The next day was overcast as I sat on my little wooden deck, which at either end is framed by the outer branches of two large pine trees. Between them, overshadowing the deck is an umbrella of tiny leaves of a Japanese maple, which at that moment was trembling in the wind. I looked up, and through the lace-work of leaves saw the brightest patch of blue I had ever seen in any sky. What is that? I wondered. I kept looking, and after a time saw smaller smudges of the same strong blue as if flung by a giant paintbrush against an otherwise gray sky. Why, it’s only the sky, you dummy, I answered my own question as I went back into the kitchen.
My daughter walked in, a few minutes later, and I told her about the silly thing I had experienced and she said, “I looked out of my window” -- she lives a few blocks away on the top floor of a five story apartment building with an a panoramic view of our picturesque town – “and I saw nothing but gray.”
<> “Yeah, but look,” I said, “You can still see some of that strong blue through the kitchen door window.” This door leads to the deck.
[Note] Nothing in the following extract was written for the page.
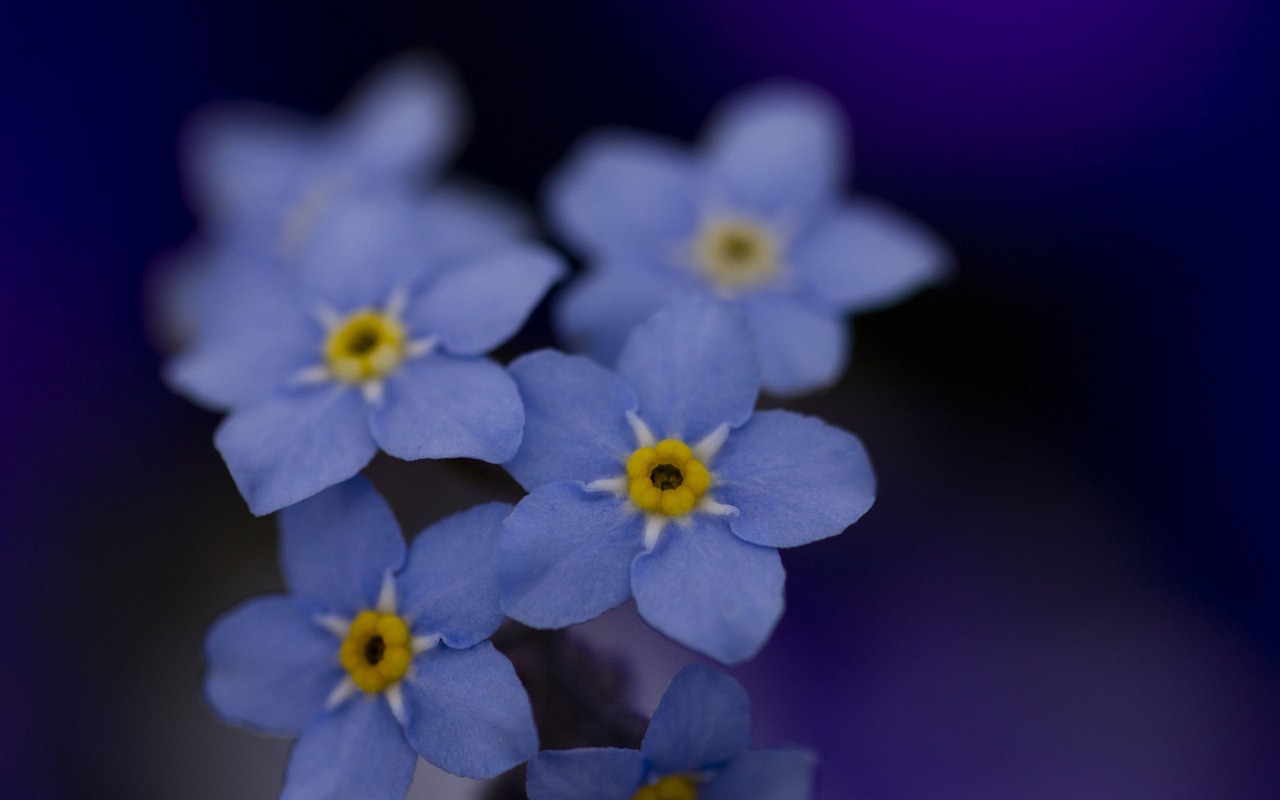 Small and beautiful forget-me-flowers HD wallpaper #14 - 1280x800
She saw it.
The following day, the third day, brought
the culmination of this experience, which not only impresses me but I
suppose
might impress anyone with a similar bend of mind: It
was another fine day to sit outside. I had
started A.S. Byatt’s ‘Djinn in the
Nightingale’s Eye – Five Fairy Stories’, the day before, and had my
morning
coffee out on the deck while starting on the third tale, “The Story of
the
Eldest Princess.” One must read the
story for oneself, and then it becomes clear that stories and life
stories are
certainly intertwined if one does pay attention. How
else was it possible, I thought, that I
have had my attention on the bright-blue sky for the previous two days
and now
on the third am presenting myself with a story, which deals almost
entirely
with the color of the sky, which is described for us in detail at each
princess’s birth and then subtly changes from blue to green? For in the story I was reading now the eldest
of three princesses goes out on a quest to restore the bright-blue sky
they
have lost. That is nothing to say against the mostly green sky they
have at
this moment, which has its own beauty. But it’s all in the telling of
the tale,
which must be read to realize how some writings, like those of A.S.
Byatt, can
create a magic all their own for the attentive and appreciative reader.